I want to match R's data.table::fwrite csv file writing speed in Python.
Let's check some timings. First R...
library(data.table)
nRow=5e6
nCol=30
df=data.frame(matrix(sample.int(100,nRow*nCol,replace=TRUE),nRow,nCol))
ta=Sys.time()
fwrite(x=df,file="/home/cryo111/test2.csv")
tb=Sys.time()
tb-ta
#Time difference of 1.907027 secs
The same for Python using pandas.to_csv
import pandas as pd
import numpy as np
import datetime
nRow=int(5e6)
nCol=30
df = pd.DataFrame(np.random.randint(0,100,size=(nRow, nCol)))

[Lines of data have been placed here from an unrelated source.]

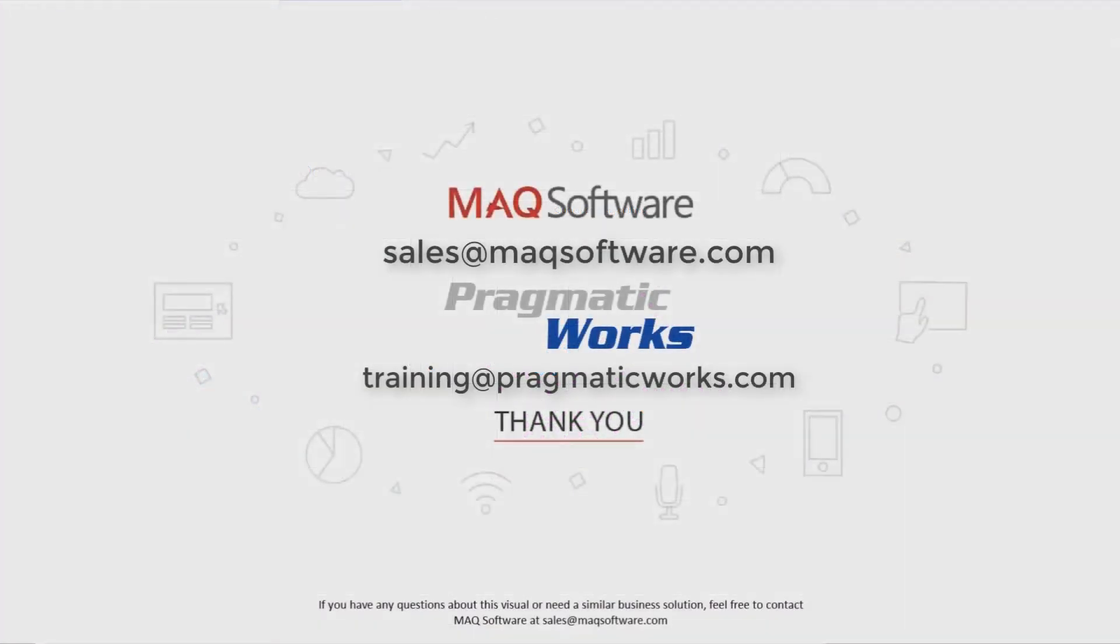So hopefully you enjoyed and thank you for watching this video. If you have any questions about this visual or need a similar business solution, feel free to contact MAQ Software at sales at maqsoftware.com. As well, for any of your Power BI training needs, be sure to reach out to us at Pragmatic Works by emailing training at Pragmatic Works.com.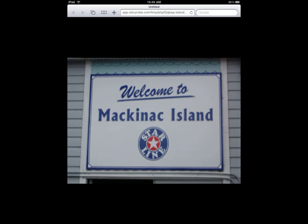And that's how simple it is to create a digital story using Story Robe. Thanks!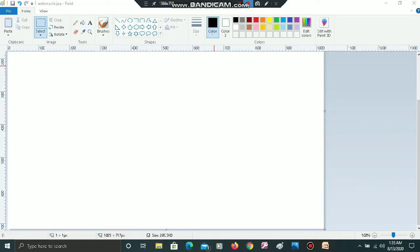Good morning students, welcome to your computer class. Today I will talk about different commands which are given at the top of our Paint application. I will also talk about the quick access toolbar.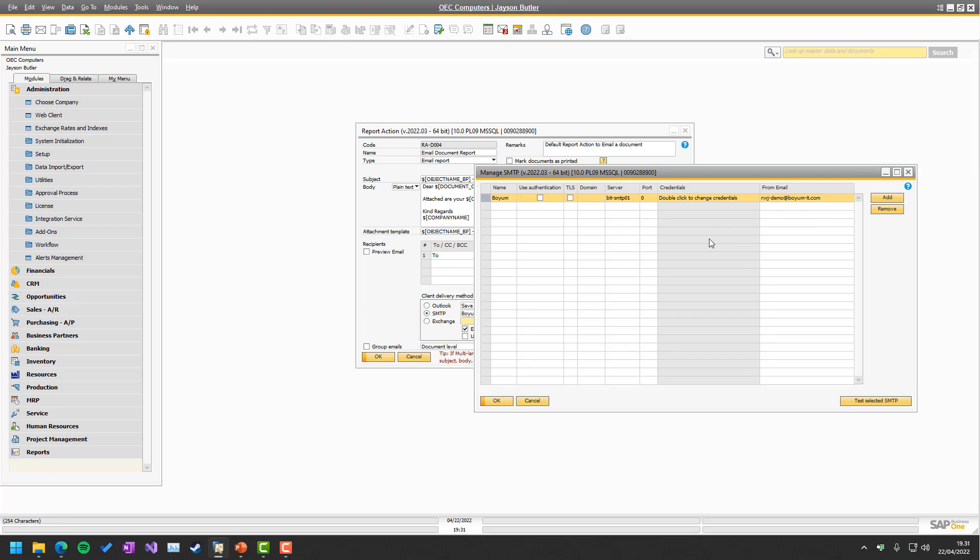One special thing we have in here is of course that you might want to say I use Microsoft 365. And Microsoft 365 also of course just specify the options to use SMTP. Just simply Google Office 365 SMTP and you will get the credentials.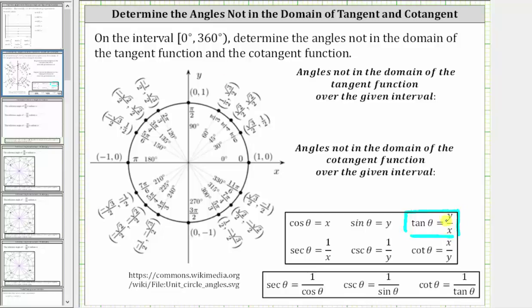Looking at the unit circle, notice how the point (0, 1) has an x value of zero, as well as the point (0, -1), which means when the terminal side of the angle in standard position is along the positive y-axis or the negative y-axis, we would have division by zero, and the tangent function is undefined, and therefore these angles are not in the domain of the tangent function.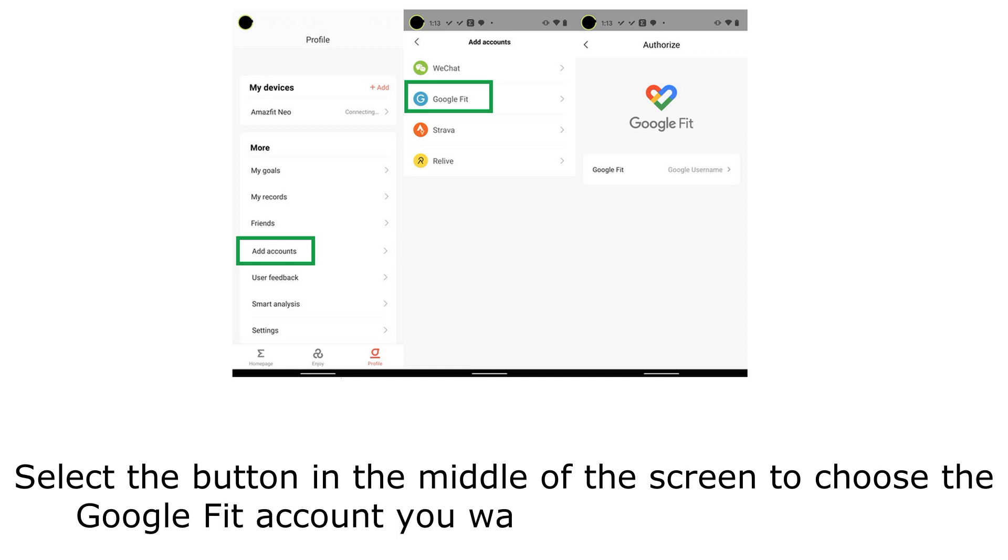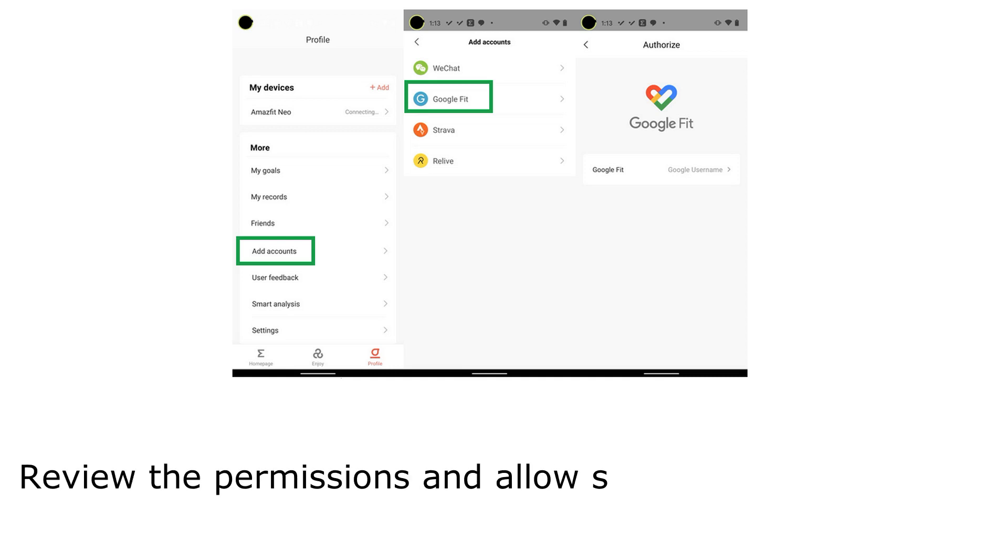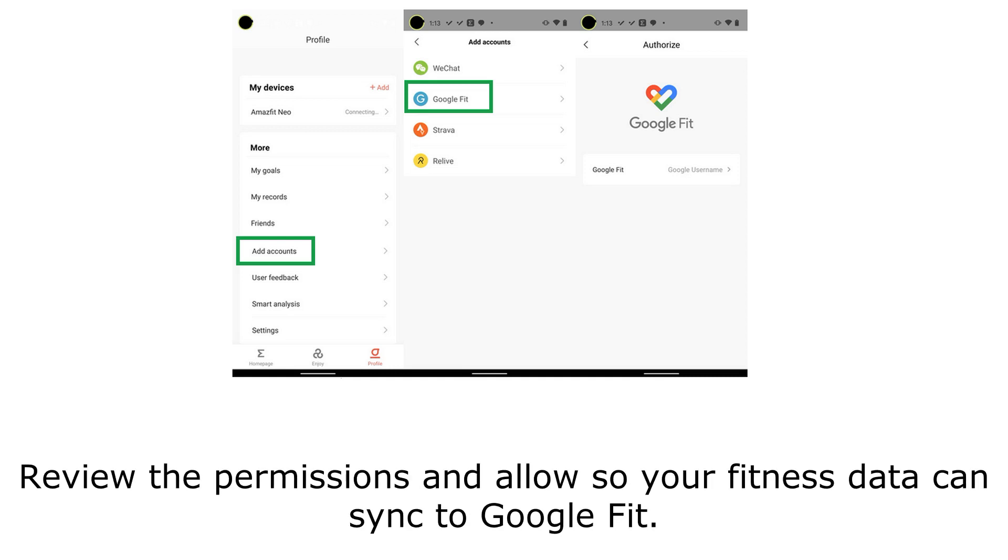Select the button in the middle of the screen to choose the Google Fit account you want your info to sync with. Review the permissions and allow so your fitness data can sync to Google Fit.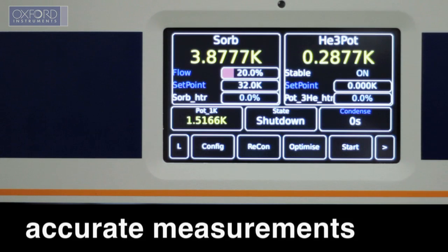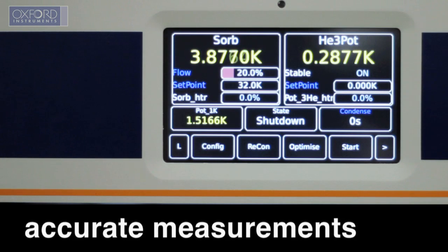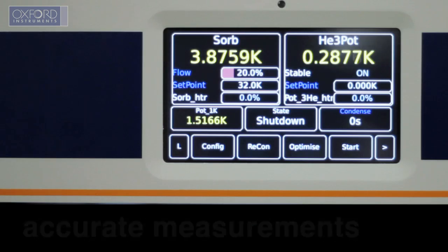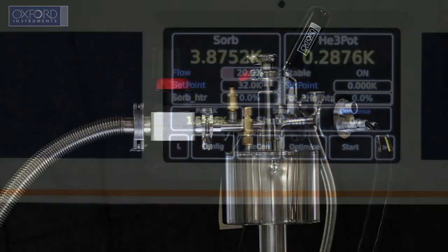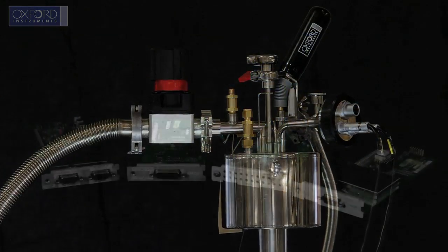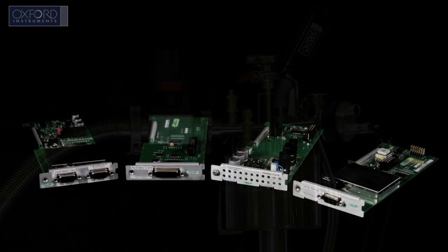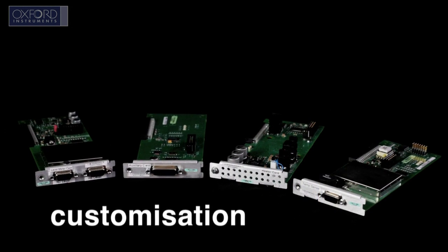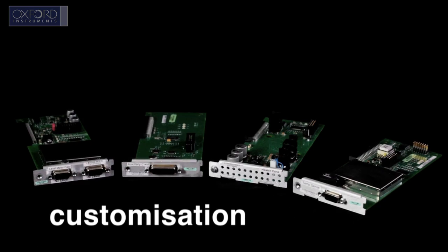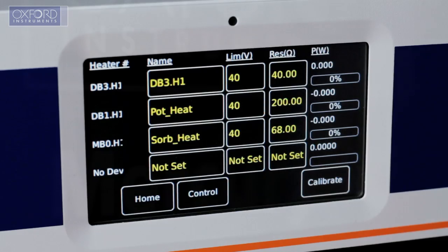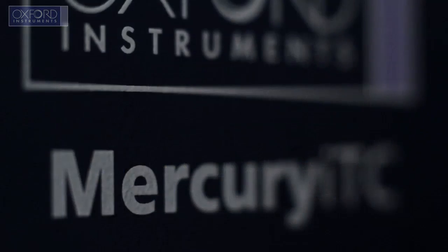We have seen that the Mercury ITC not only allows for accurate measurements, but is also extremely versatile. It can adapt to your needs via the addition of plug-and-play expansion cards and can be used to control up to four PID control loops.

ta=datetime.datetime.now()
df.to_csv("/home/cryo111/test.csv")
tb=datetime.datetime.now()
(tb-ta).total_seconds()
#96.421676
Currently there is a huge performance gap. One main reason might be that fwrite uses all cores for the write process, whereas to_csv is probably only single-threaded.
I wasn't able to find any Python packages that have out-of-the-box csv file writers that could match data.table::fwrite. Have I missed something? Is there another way to speed up the write process?
The file size is in both cases around 400MB. The code ran on the same machine.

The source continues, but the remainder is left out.